On 24 February 2026, the Central Bank of Nigeria (CBN), announced a decision to reduce its benchmark interest rate, the Monetary Policy Rate (MPR), by 50 basis points from 27% to 26.5% at the conclusion of its 304th Monetary Policy Committee (MPC), meeting held in Abuja. The move marks a significant policy shift after a prolonged period of tight monetary conditions designed to tame inflation and stabilise the economy.

What Happened at the 304th MPC Meeting?

The MPC, comprising 11 members, convened to assess Nigeria’s macroeconomic environment, reviewing inflation trends, foreign exchange developments, banking sector stability, and other key indicators before voting unanimously to adjust the benchmark rate. The Committee also retained other key policy parameters:

These accompanying decisions reflect a cautious approach, allowing for targeted easing of borrowing costs while safeguarding overall financial stability.

The Rationale Behind the Rate Cut

The MPC cited ongoing improvements in key macroeconomic indicators as the basis for the rate cut:

1. Sustained Disinflation

Headline inflation continued its downward trajectory, slowing for the eleventh consecutive month, reaching 15.1% in January 2026. This moderation reflects easing price pressures particularly in food and energy categories, and reinforces confidence that inflation is moving towards more manageable levels.

2. Improved Exchange Rate and External Buffers

Recent data indicate relative stability in the foreign exchange market, with stronger external reserves providing cushioning against imported inflationary shocks and external volatility. Analysts and officials view these developments as broadening the central bank’s latitude for measured monetary adjustment.

3. Banking Sector Resilience

Strong performance in key financial indicators and progress in bank recapitalisation were noted as positive signs of systemic resilience. Such resilience reduces downside risks when easing monetary policy.

4. Balanced Risk Assessment

While acknowledging inflationary pressures are still a consideration, the Committee judged that the risks to the outlook were sufficiently balanced to begin modest monetary easing without destabilising the economy.

What the Rate Cut Means for the Nigerian Economy

Lower Borrowing Costs

By reducing the MPR, the CBN aims to slightly lower the cost of borrowing for businesses and households — a key factor that could stimulate private investment, credit growth, and economic activity, especially after an extended period of high interest rates that weighed on credit demand.

Signal of Policy Shift

This decision signals a measured pivot from tight monetary policy to cautious easing, bridging the priorities of inflation control and growth support. Market participants may interpret this as the beginning of a gradual cycle of rate adjustments if inflation continues to trend downward.

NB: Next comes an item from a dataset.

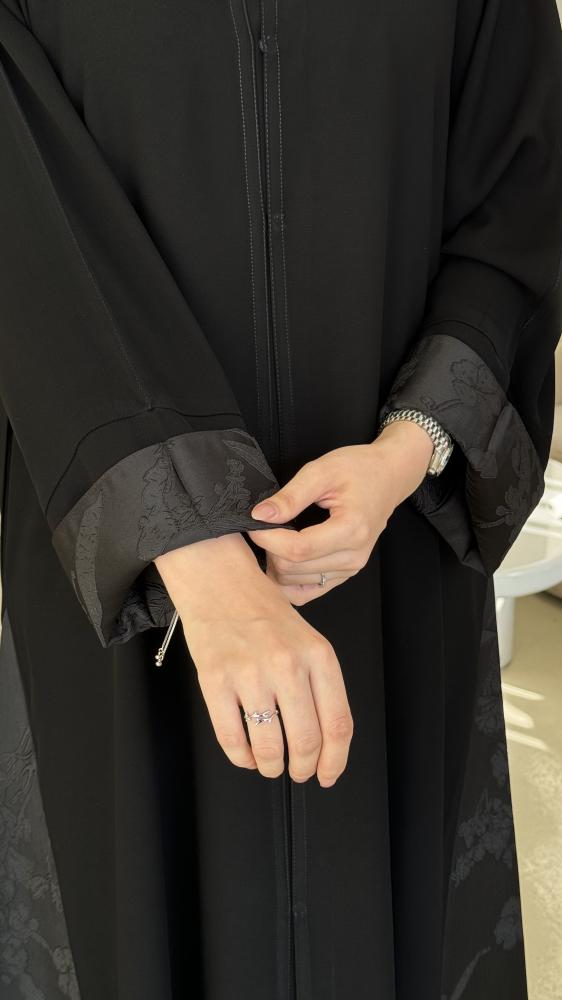 عبايه كلفه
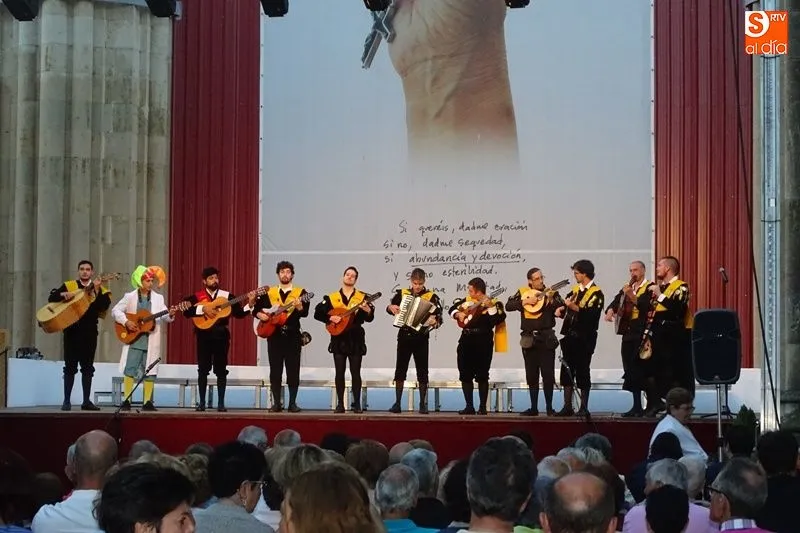 Foto 7 - La tuna de Medicina de Salamanca act&uacute;a en Alba de Tormes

Macro Stability Considerations

Despite easing the benchmark rate, the CBN’s decision to maintain other policy levers — such as CRR and liquidity ratios — reflects continued vigilance. These safeguards limit potential destabilising liquidity flows that could reignite inflation or stress the financial system.

Broader Context: Nigeria’s Monetary Policy Path

Prior to this meeting, the CBN had held the MPR steady at 27% at its 303rd MPC meeting late in 2025, reflecting caution amid mixed economic indicators and global uncertainties. The reduction to 26.5% now represents the lowest rate since May 2024 and the first explicit rate cut in this policy cycle.

Analysts have noted the tightening cycle — which saw elevated benchmark rates to stem inflation and defend the currency — has been effective in slowing inflation but also constrained credit growth and investment. As inflation moderates, the CBN appears prepared to balance these objectives with measured easing.

What Comes Next?

Questions remain on whether this rate cut will be followed by more aggressive easing moves later in 2026. Much will depend on future inflation readings, exchange rate developments, and output growth indicators.

Market observers are watching the trajectory of price pressures, liquidity conditions, and fiscal dynamics to gauge whether the MPC continues on this path.

In summary, the CBN’s decision to trim the MPR to 26.5% at the 304th MPC meeting reflects a carefully calibrated monetary policy shift, balancing ongoing inflation moderation with the need to support economic activity.